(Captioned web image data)

----

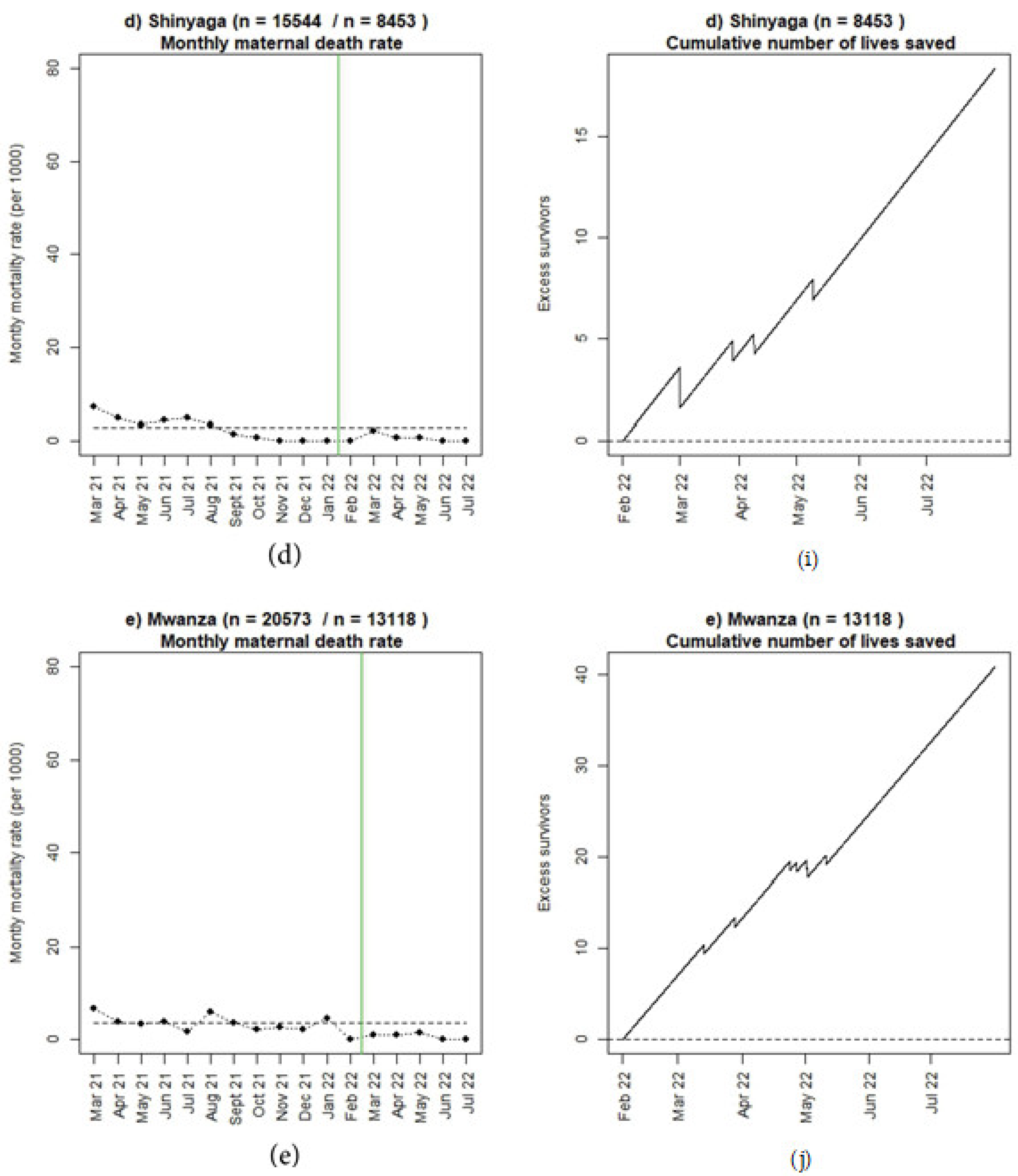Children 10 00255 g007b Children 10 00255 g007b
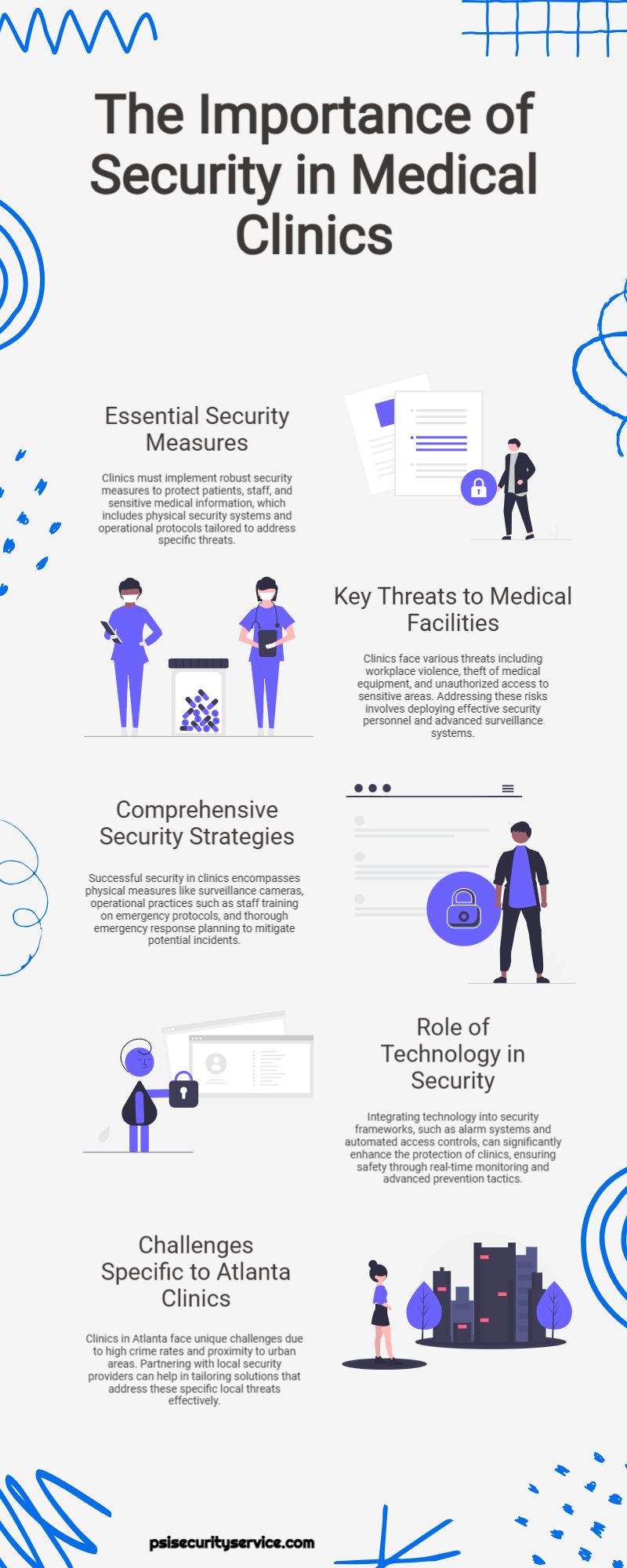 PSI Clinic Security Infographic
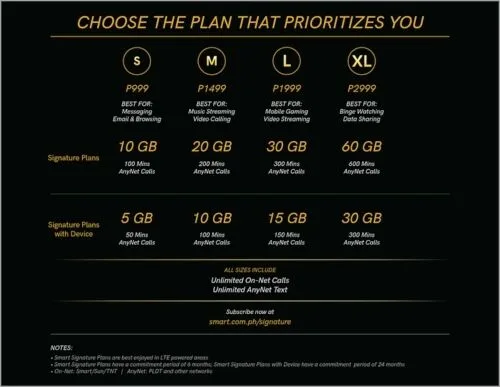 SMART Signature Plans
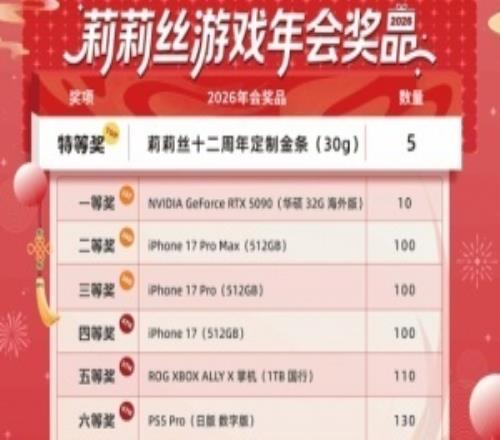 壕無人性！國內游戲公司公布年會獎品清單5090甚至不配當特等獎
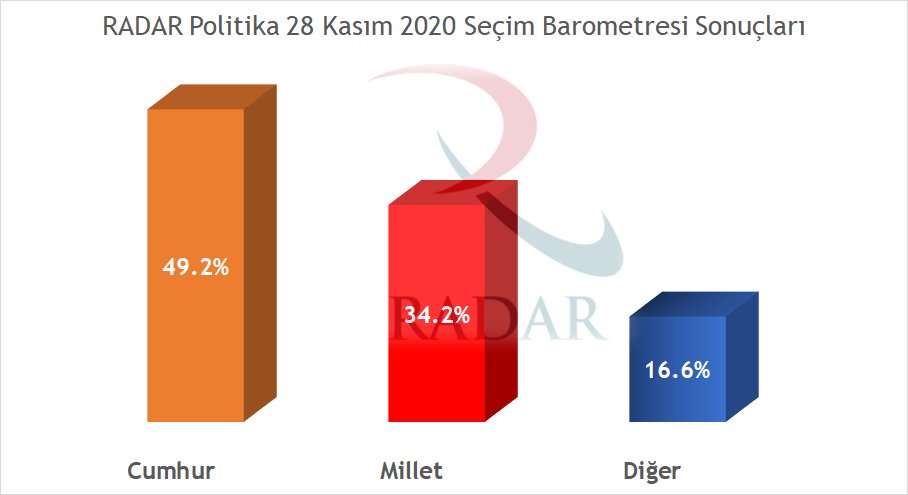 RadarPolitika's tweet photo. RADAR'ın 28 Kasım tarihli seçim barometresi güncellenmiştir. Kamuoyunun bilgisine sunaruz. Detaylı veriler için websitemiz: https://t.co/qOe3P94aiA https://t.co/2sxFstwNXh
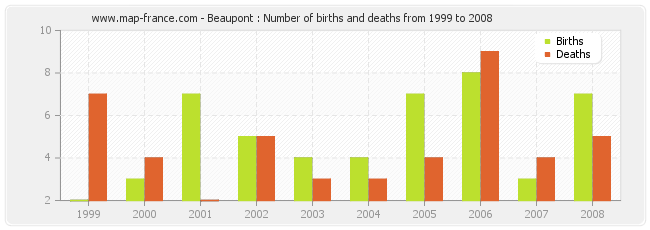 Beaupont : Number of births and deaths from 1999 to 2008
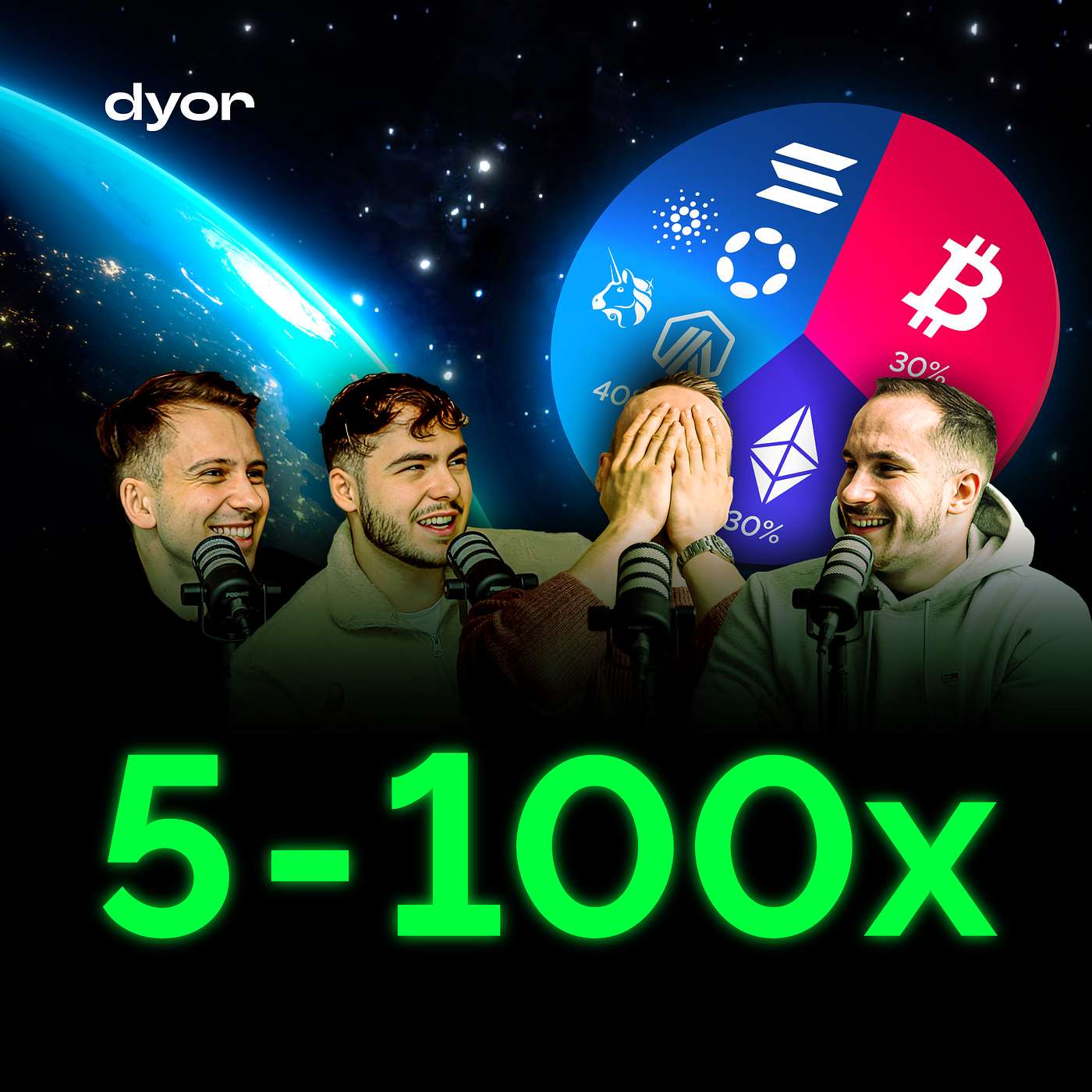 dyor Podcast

----

# Work to complete
Although the records above contain pictures, only their text is to be repeated, exactly as given.

# Task result
Children 10 00255 g007b Children 10 00255 g007b
 PSI Clinic Security Infographic
 SMART Signature Plans
 壕無人性！國內游戲公司公布年會獎品清單5090甚至不配當特等獎
 RadarPolitika's tweet photo. RADAR'ın 28 Kasım tarihli seçim barometresi güncellenmiştir. Kamuoyunun bilgisine sunaruz. Detaylı veriler için websitemiz: https://t.co/qOe3P94aiA https://t.co/2sxFstwNXh
 Beaupont : Number of births and deaths from 1999 to 2008
 dyor Podcast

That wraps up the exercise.